Exercise brief. Reproduce exactly the lines from the one that holds "Brinquendo Infantil Patinete" through the last line of the entries, both ends included, but not the pictures.

Dataset entries.
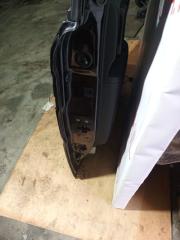 Дверь правая задняя HONDA STEPWGN RG1 K20A 67510SLJJ00ZZ 5 ракурс
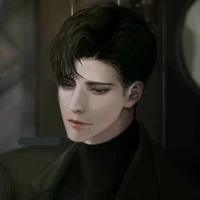 Edward Brown (Edwin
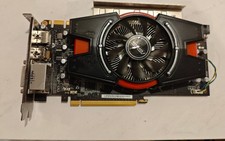 ASUS GTX 660 3GB GDDR5 Graphics Card GTX660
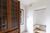 Casa, 3 quartos, 206 m² - Foto 3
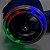 Brinquendo Infantil Patinete Twist Scooter 3 Rodas Cor Azul - Imagem 4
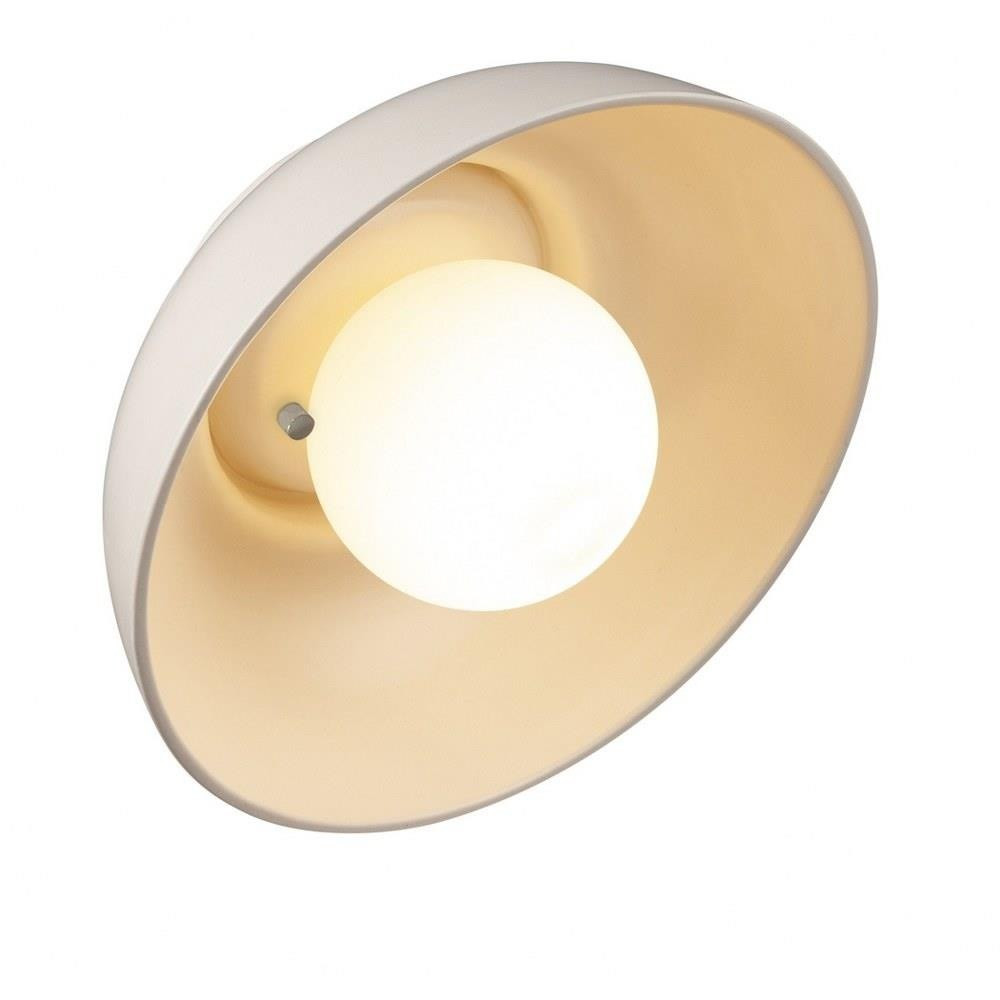 CER-3030-MAT | angle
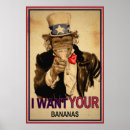 Suche nach uncle sam poster Politik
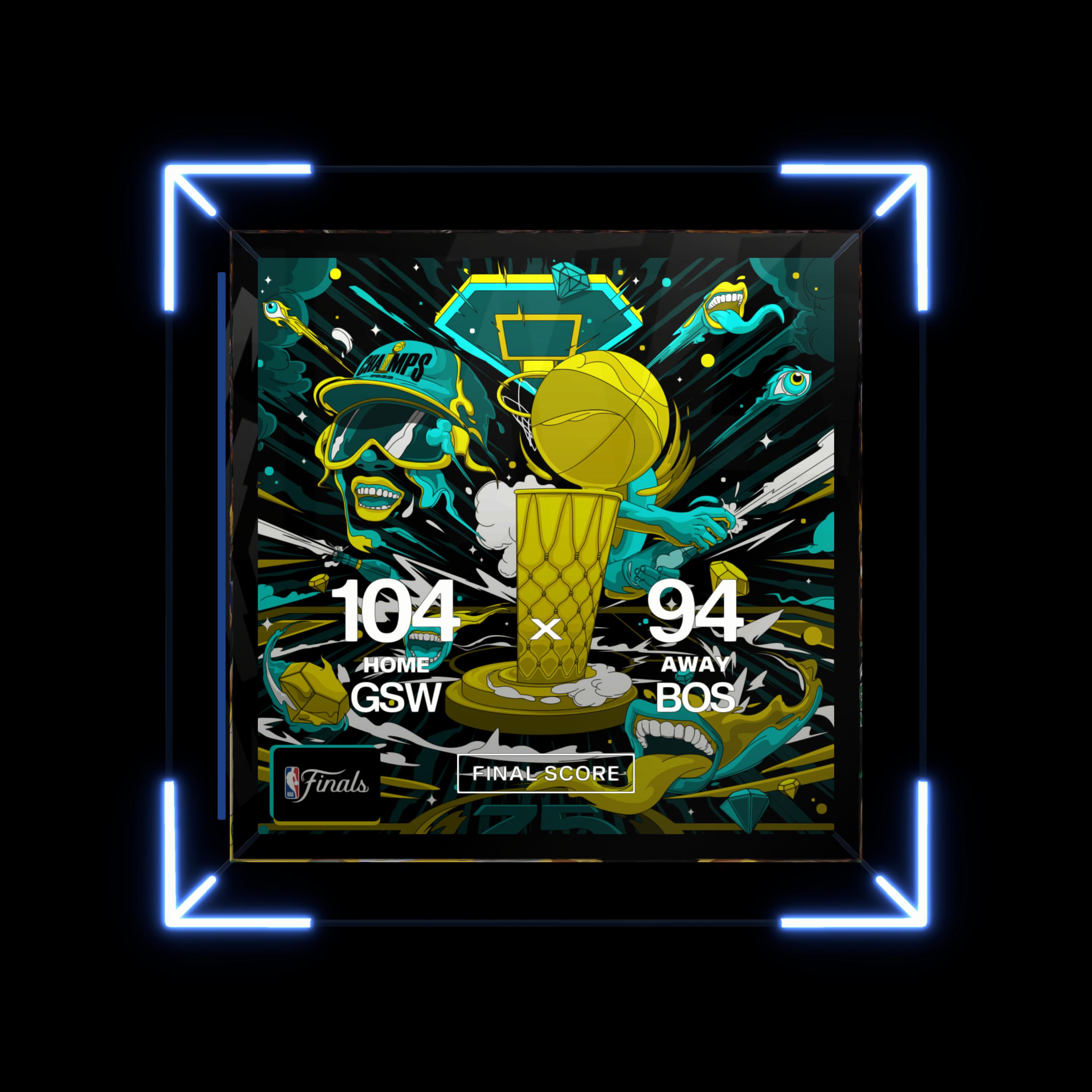 Andrew Wiggins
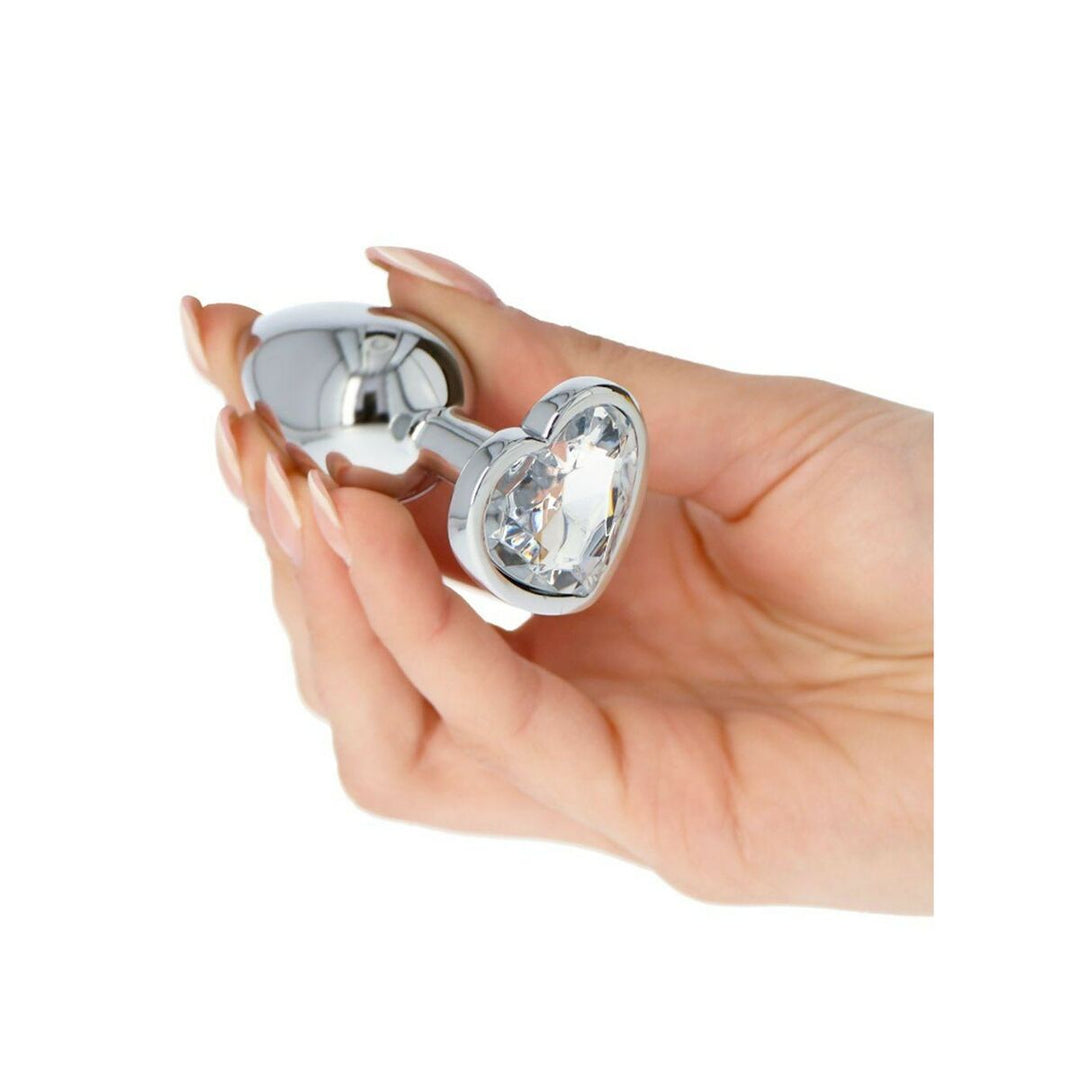 V4HC6B56B9A550A2D947A54EC9951887141R4793466P4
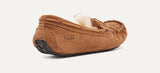 Men's Olsen Slipper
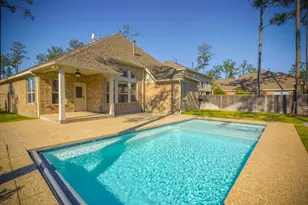 2 Hadlock Pl, Spring, TX 77389 - Photo 35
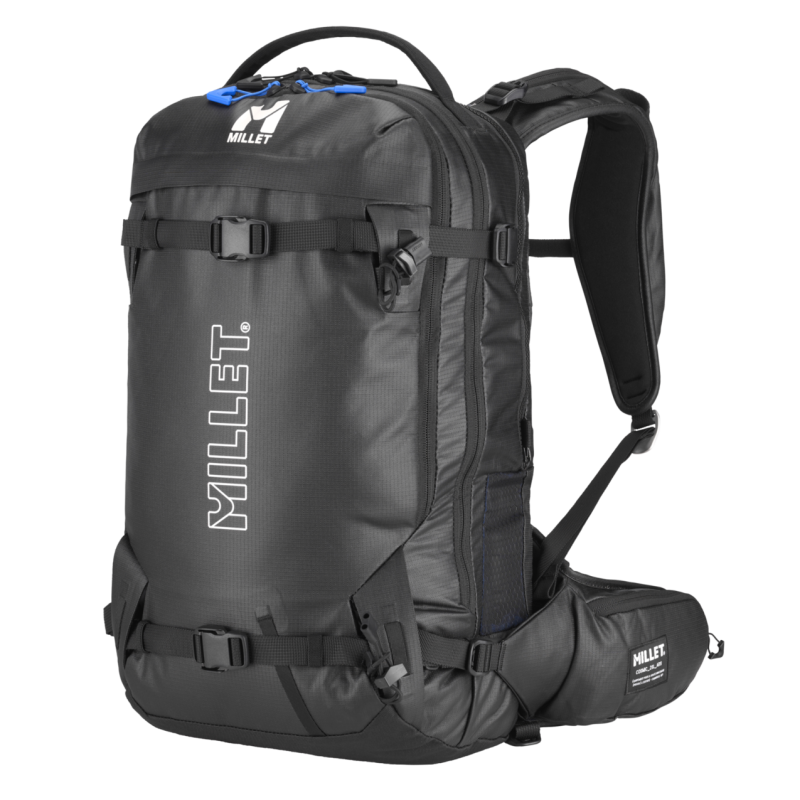 Cosmic 28 ARS - Lawinenrucksack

Reply.
 Brinquendo Infantil Patinete Twist Scooter 3 Rodas Cor Azul - Imagem 4
 CER-3030-MAT | angle
 Suche nach uncle sam poster Politik
 Andrew Wiggins
 V4HC6B56B9A550A2D947A54EC9951887141R4793466P4
 Men's Olsen Slipper
 2 Hadlock Pl, Spring, TX 77389 - Photo 35
 Cosmic 28 ARS - Lawinenrucksack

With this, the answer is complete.